RECORDED INFORMATION.
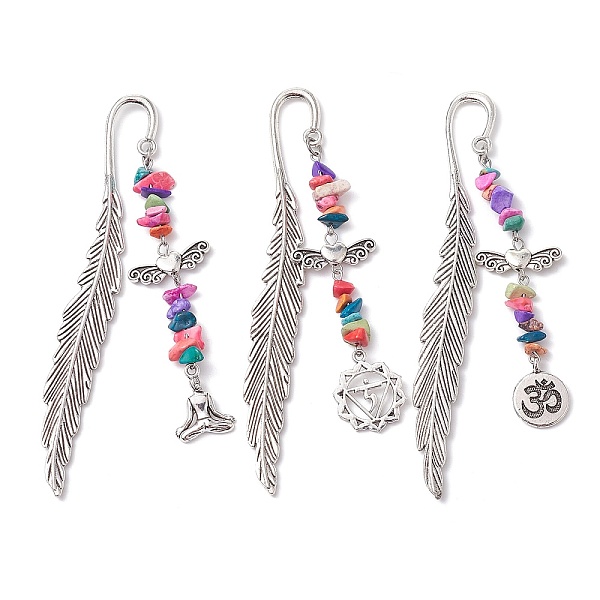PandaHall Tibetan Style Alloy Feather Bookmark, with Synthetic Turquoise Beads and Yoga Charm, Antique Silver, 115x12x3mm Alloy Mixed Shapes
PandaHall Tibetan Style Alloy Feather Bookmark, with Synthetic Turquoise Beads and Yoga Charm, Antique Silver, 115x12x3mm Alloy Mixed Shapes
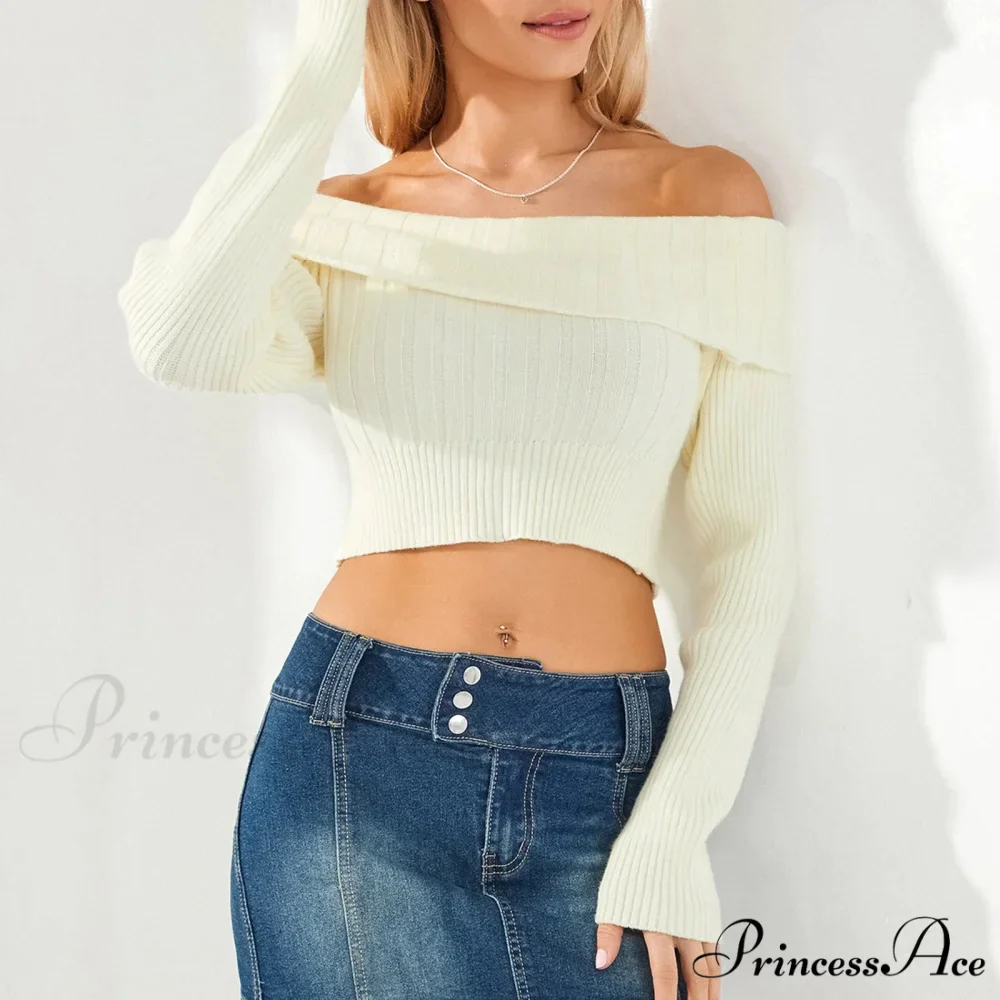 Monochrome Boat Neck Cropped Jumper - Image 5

WORK ORDER.
Word for word, restate all of the data, but do not copy the pictures.

WORKED SOLUTION.
PandaHall Tibetan Style Alloy Feather Bookmark, with Synthetic Turquoise Beads and Yoga Charm, Antique Silver, 115x12x3mm Alloy Mixed Shapes
PandaHall Tibetan Style Alloy Feather Bookmark, with Synthetic Turquoise Beads and Yoga Charm, Antique Silver, 115x12x3mm Alloy Mixed Shapes
 Monochrome Boat Neck Cropped Jumper - Image 5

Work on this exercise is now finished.